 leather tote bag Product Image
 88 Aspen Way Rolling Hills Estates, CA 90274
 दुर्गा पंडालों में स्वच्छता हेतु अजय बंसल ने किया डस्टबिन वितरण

Goal of the exercise: Output all of the material exactly as written.

Solution below:
 leather tote bag Product Image
 88 Aspen Way Rolling Hills Estates, CA 90274
 दुर्गा पंडालों में स्वच्छता हेतु अजय बंसल ने किया डस्टबिन वितरण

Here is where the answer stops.